What retirement plan is best for my business?
With so many different options, selecting a small business retirement plan that meets the needs of you and your business can be challenging on your own. Each available option offers different contribution limits, tax-saving incentives, fees, and filing requirements.
Our wealth managers can assist you in choosing the best retirement plans for a small business based on the specifics of your business model, financial positioning, and goals. Possible options for business retirement plans include:
Individual 401(k) plans/ Solo 401(k)
Individual 401(k) plans, also known as i401(k)s or Solo 401(k)s, are a great option for self-employed individuals or those with no common law employees including C corporations, S corporations, and limited liability companies (LLC’s). These accounts allow business partners to invest as both an employer and an employee with all the benefits of a traditional 401(k).
For investors making contributions as both an employer and employee, contributions cannot exceed $61,000 for the 2022 tax year or $67,500 if age 50 or older. There is no fee to establish an individual 401(k).
SEP-IRA (Simplified Employee Pension)
Simplified employee pension accounts are available for those who employ others, are self-employed, or who earn free-lance income.

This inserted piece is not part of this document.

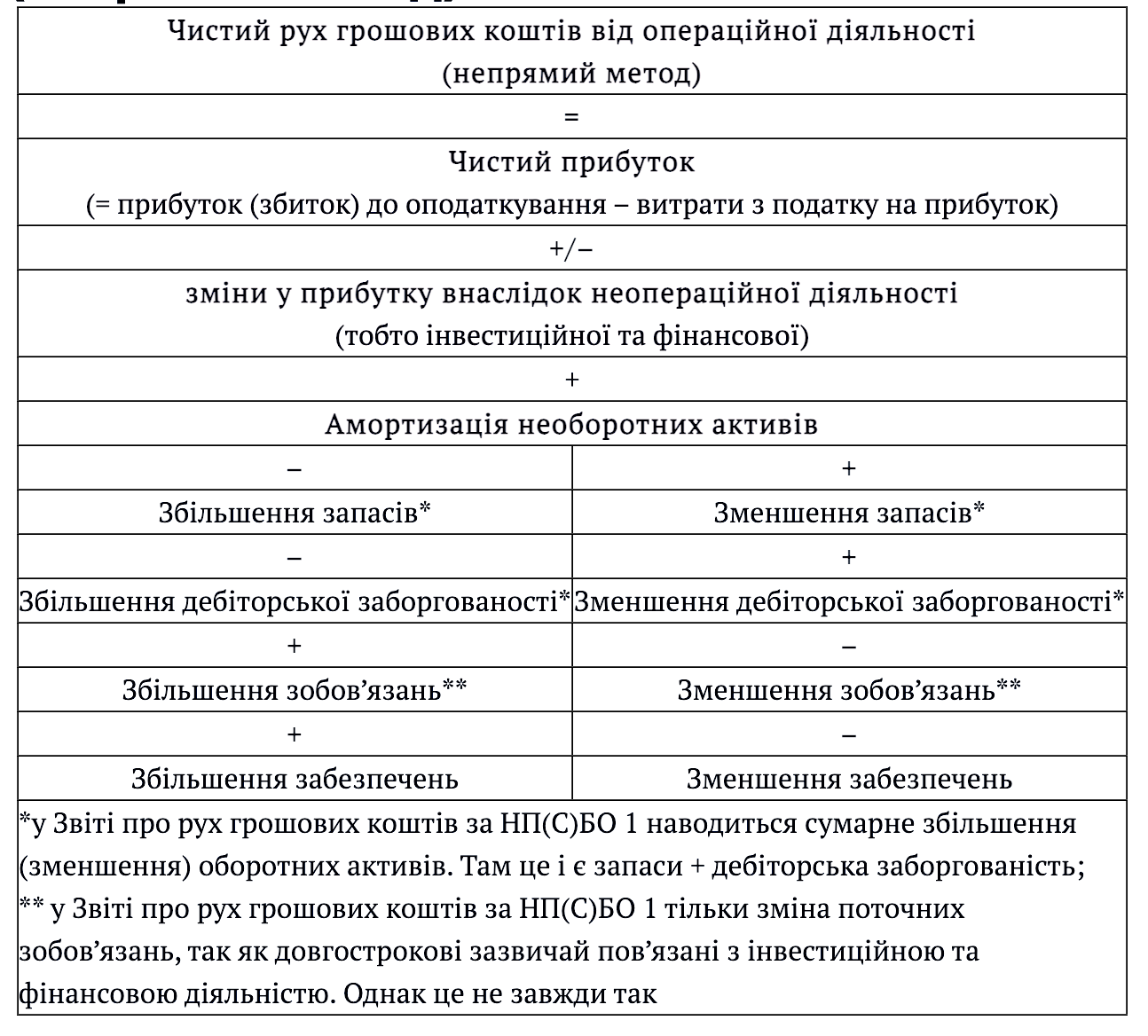 Схема Звіту про рух грошових коштів (непрямий метод)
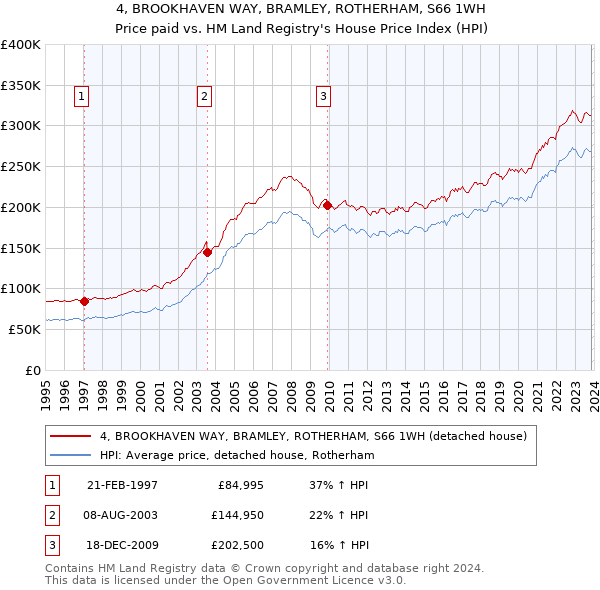 4, BROOKHAVEN WAY, BRAMLEY, ROTHERHAM, S66 1WH: Price paid vs HM Land Registry's House Price Index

SEP-IRAs allow employers to contribute up to 25% of the employee’s total compensation or up to 20% of income for the self-employed. Typically employers are the only ones that contribute to this type of small business retirement plan although employees are able to make contributions as well.
Simple IRAs (Savings Incentive Match Plan for Employees) allow both employers and employees alike to make tax-deferred contributions to their retirement accounts. This is an ideal option for businesses with less than 100 employees or individuals who are self-employed.
Offering Simple IRAs allows you as the business owner to choose between two options for the amount you wish to match. For the 2022 tax year, employers can offer either a dollar-for-dollar match of employee contributions up to 3% of each employee’s compensation or a contribution of 2% of each employee’s compensation. These contributions are tax-deductible at the end of every year. Employees can contribute up to $14,000 or $17,000 for employees age 50 and older.
Both the business and the employees can set themselves up for a successful retirement while tapping into end-of-the-year tax savings by utilizing a 401(k) plan. As mentioned above, individual or Solo 401(k)’s are an option for businesses without employees, but for small businesses that do employ other professionals, traditional 401(k)’s can be a better option. This is because they often offer more options in terms of investment choices and can help lower your income tax bill.
There is typically a management fee for traditional 401(k) accounts and they allow employees to make pre-tax contributions up to $20,500 or $27,000 if 50 or older for 2022.